TRAVIS HICKS: We used to have a couple 100,000-square-foot tenant deals a year if we were lucky. Now it’s tough to track this. It’s amazing, this growth in tenant sizes in general, and that’s just the tip of the iceberg. We’re seeing sizes that we never, ever had in Austin – not that we’re a million-square-foot market – or that it will ever make sense, but people are actually kicking tires in that size range.

KEITH HOLLEY: From an architectural standpoint, the formula has changed. The base building square footage has increased. We were doing the standard 180-190-foot depth front Parker loaders, but we’re doing 220 now. The site formula is changing, so we’re having to respond to that. We’re pushing NFPA rules, but there are ways to get around that – there’s a little fluidity in the code for some of those things. But yeah, it’s been a really interesting shift to see how some of those rules have been rewritten.

GREG: I think when the average reader thinks about growth, like with manufacturing, it just means more widgets. But the growth isn’t about more volume. The widgets have actually gotten bigger, and a lot more complicated. We got into this Class A office finish-out because we saw that some of these guys had warehouses in one location at three bucks a foot, but their office was downtown in the CBD. They started realizing they could be fully integrated and have a double Class A office finish-out right there in their manufacturing facility. So the way the deals have changed has been phenomenal.
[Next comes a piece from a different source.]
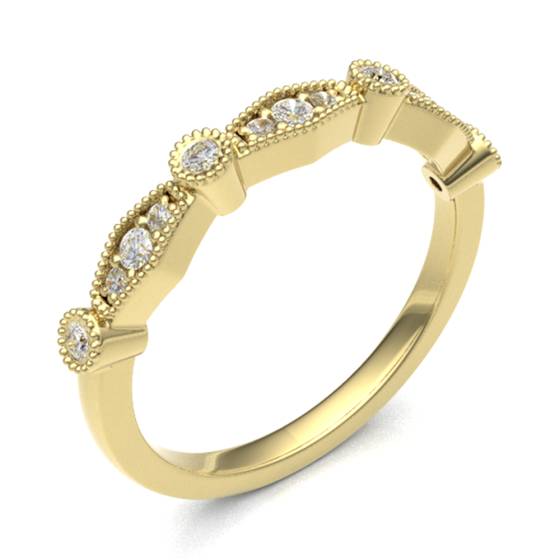 HRRHE2047 Half Eternity Ring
SAM OWEN: 2020 was the scariest year and also the best year. It was actually a “timeout.” Everything needs to be close to the consumer, manufacturing needs to come back to the States, and oh – by the way – everybody wants to live in Austin. So it was a perfect storm, and then you throw in a giant EV auto manufacturer, and the semiconductor buildings, right? Everybody showed up, but the problem is, it’s hard to get into the party.

TRAVIS: Which is why the party is spreading out there further – outside of the border of Austin.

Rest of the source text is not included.